La testostérone a 77 ans.
L’hormone mâle est le fondement biologique de la pulsion. Elle n’est connue que depuis la fin des années 1930.
On imagine que ses effets ont été découverts, il y a 6000 ans avant JC quand un berger d’Asie mineure été le témoin des effets d’une castration accidentelle sur un animal, devenu ainsi domesticable.
Ce n’est pas avant le 19° siècle que l’on commença à comprendre les effets de la castration chez l’animal.
Arnold Berthold, chez le coq, constate la régression des caractères secondaires et leur réapparition après une greffe d’organe intra-abdominale.
Charles Brown-Séquard médecin français, fils d’une réunionnaise et d’un américain va explorer la pathologie endocrinienne pendant plusieurs dizaines d’années.
Le Ier juin 1889, il communique devant la Société de Biologie de Paris sur l’effet d’auto-injections d’extraits de testicule de chien, capables d’augmenter ses propres capacités physiques et mentales et son appétit.
L’organothérapie est née. Brown-Séquard est suivi par de nombreux chercheurs puis par les cliniciens.
Ces derniers réalisent des injections d’extraits testiculaires ou la transplantation de testicules humains ou de chiens dans le traitement de maladies aussi diverses que tuberculose, diabète, paralysie, gangrène, anémie, 
athérosclérose, grippe, maladie d’Addison, migraine, hystérie.
En août 1905 la revue Lancet publie l’article de Bayliss qui crée le terme hormone (en grec : je déclenche l’activité).
Mais le début du siècle sera celui des pratiques de rajeunissement.
Eugen Steinach constate l’effet de rajeunissement de la vasectomie chez l’animal, cette technique sera appliquée chez l’homme, Sigmund Freud est censé l’avoir utilisée.
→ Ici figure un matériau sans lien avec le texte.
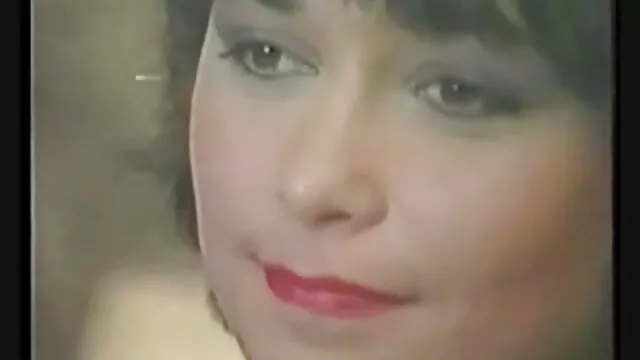 Cunnilingus Per una vezi filme erotice online bella ragazza riccia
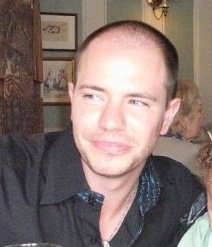 justinshep34pa's profile picture. follow back💯💯💯💯💯💯💯客服直接对接一站式服务售后无忧，代开蓝V-涨粉-名片排名-爆贴-浏览量-热门教学-等等 微 信：dv28256   TG:https://t.co/RyYihiugnA
follow back💯💯💯💯💯💯💯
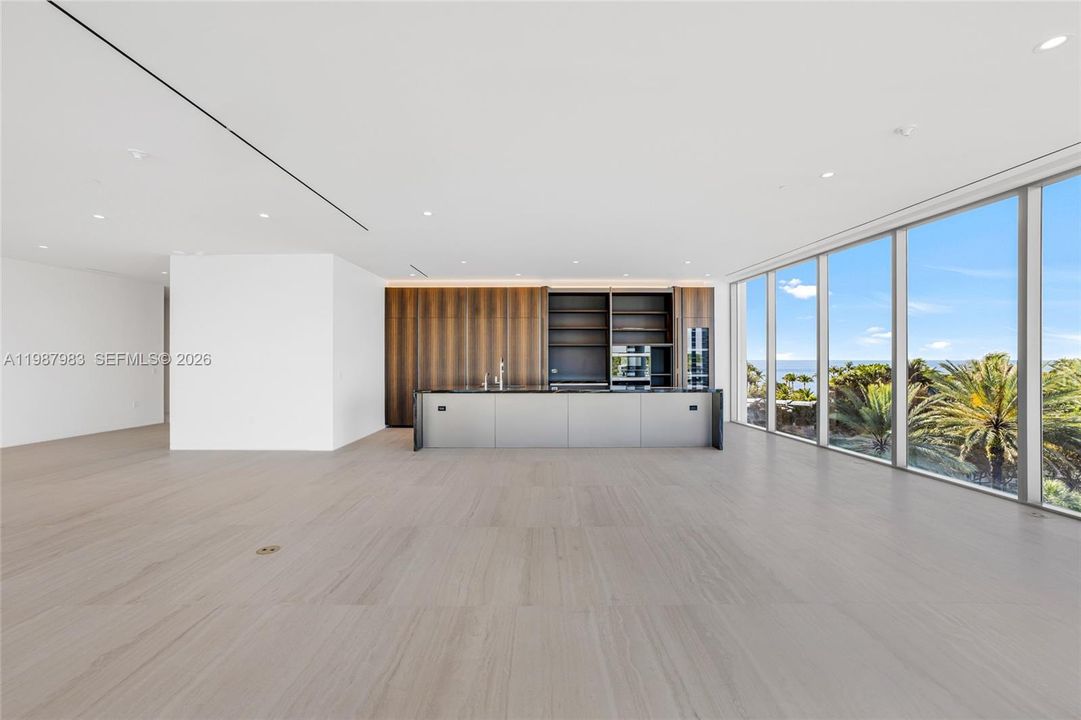 For Sale: $9,500,000 (4 beds, 4 baths, 4318 Square Feet)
Steinach puis Voronoff utilisent ensuite la greffe chirurgicale de testicule de chien chez l’homme. En Europe et surtout aux Etats unis des milliers d’hommes se feront traiter. Un peu plus tard Niehans en Suisse met au point la thérapie cellulaire utilisant des injections de cellules animales pour traiter des patients dont les organes ont été considérés déficients.
C’est l’intérêt de la recherche pharmaceutique pour l’organothérapie qui permettra d’isoler la Testostérone.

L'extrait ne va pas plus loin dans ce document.